FlorianH comments on The Monster in Our Heads

FlorianH 20 Jan 2025 23:23 UTC
1 point
0
Assumption 1: Most of us are not saints.
Assumption 2: AI safety is a public good.^[1]
[..simple standard incentives..]
Implication: The AI safety researcher, eventually finding himself rather too unlikely to individually be pivotal on either side, may rather ‘rationally’^[2] switch to ‘standard’ AI work.^[3]
So: A rather simple explanation seems to suffice to make sense of the big picture basic pattern you describe.

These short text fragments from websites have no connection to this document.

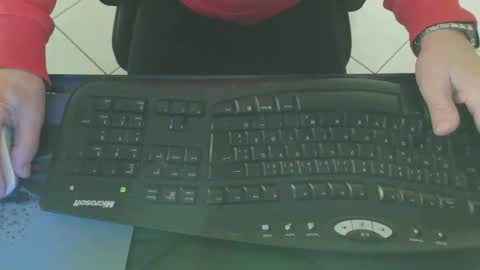 Snapshot of maly246 chatting on 02/18/26, 08:21 maly246 online show from 02/18/26, 08:21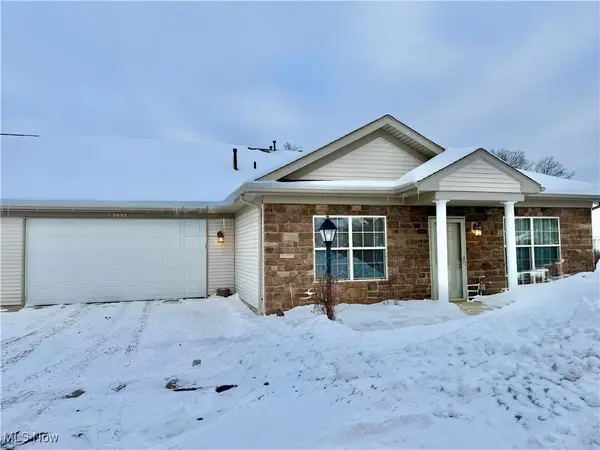 3095 Whitewood Nw Street, North Canton, OH 44720
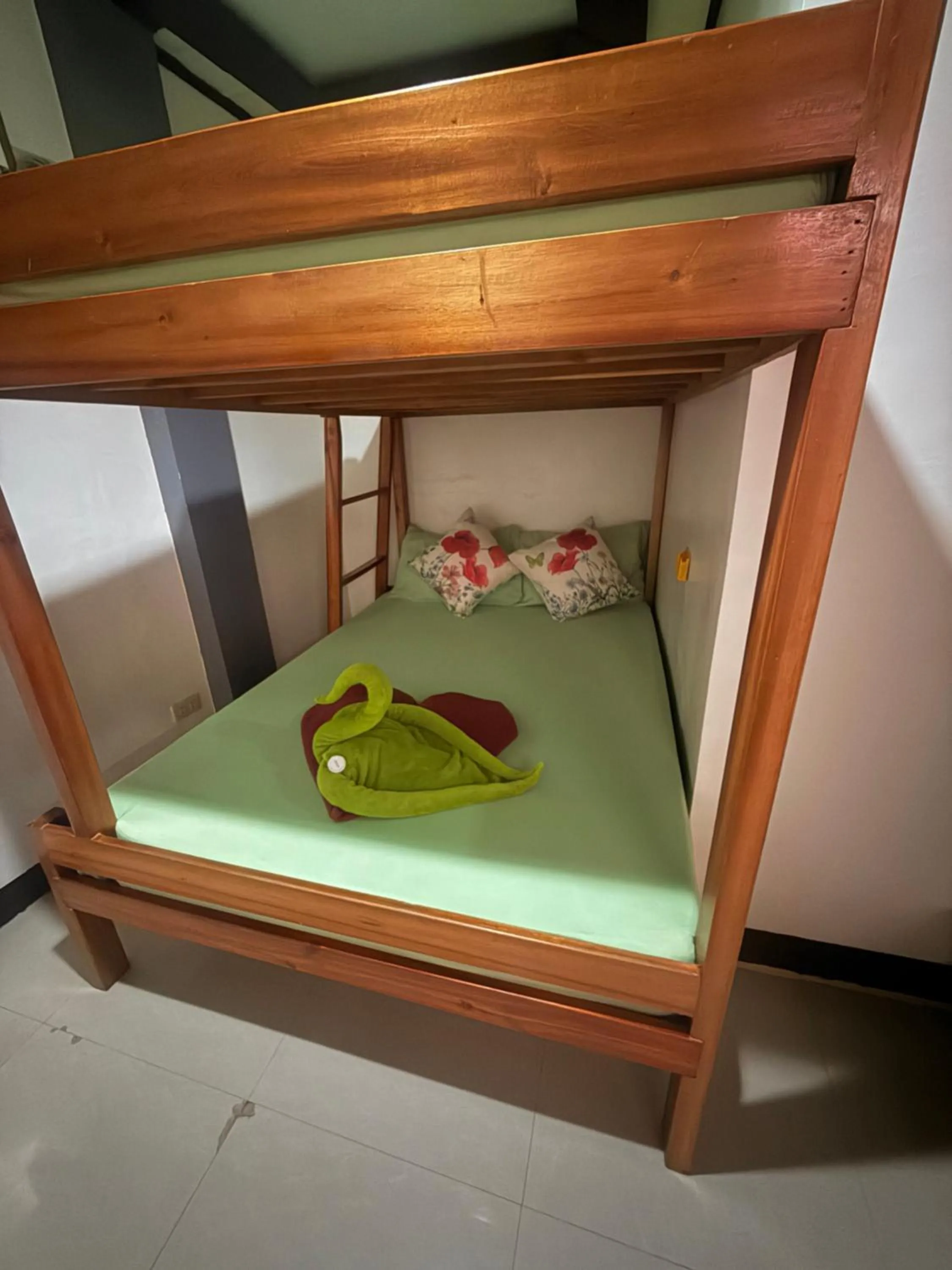 Bed in Lolo Bob's Bed And Breakfast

Doesn’t mean, the inner tension you point out isn’t interesting. But I don’t think very deep psychological factors needed to explain the general ‘AI safety becomes AI instead’ tendency, which I had the impression the post was meant to suggest.
1. ^
  Or, unaligned/unloving/whatever AGI a public bad.
2. ^
  I mean: individually ‘rational’ once we factor in another trait—Assumption 1b: The unfathomable scale of potential aggregate disutility from AI gone wrong, bottoms out into a constrained ‘negative’ individual utility in terms of the emotional value non-saint Joe places on it. So a 0.1 permille probability of saving the universe may individually rationally be dominated by mundane stuff like having an still somewhat cool and well-paying job or something.
3. ^
  The switch may psychologically be even easier if the employer had started out as actually well-intent and may now still have a bit of an ambiguous flair.